The presentation emphasised the importance of human oversight and continuous monitoring. As AI outputs become more sophisticated, organisations must continue to challenge and verify results rather than rely on them automatically. Monitoring should be proportionate to factors such as autonomy, business impact and regulatory significance, with tiering helping to balance innovation and control.

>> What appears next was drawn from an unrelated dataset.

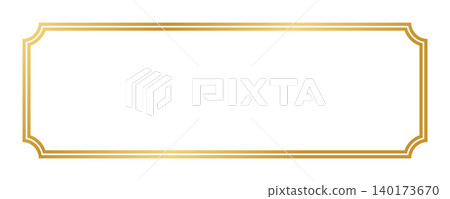 金色簡單框架 金色簡單框架 140173670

For a deeper exploration of AI validation approaches and practical considerations for model risk management, see Grant Thornton's article, Validating Artificial Intelligence Systems: A Modern Capability for Model Risk Management.

Conclusion

The conference demonstrated that both supervisors and financial institutions are actively investing in artificial intelligence while simultaneously strengthening governance and control frameworks. The ECB's keynote highlighted how AI is being integrated into supervisory processes through a combination of technology investment, organisational readiness and human oversight. The industry panel expanded on these themes by exploring the practical realities of AI adoption, including governance, accountability, data foundations and evolving regulatory expectations. Finally, the Grant Thornton presentation provided a practical framework for validating and monitoring AI systems, highlighting the shift from traditional model validation towards broader AI system governance.

Although approaches continue to mature, all three sessions reinforced a common message: successful AI adoption requires a balance between innovation and control, supported by strong governance, clear accountability and ongoing investment in people, processes and technology.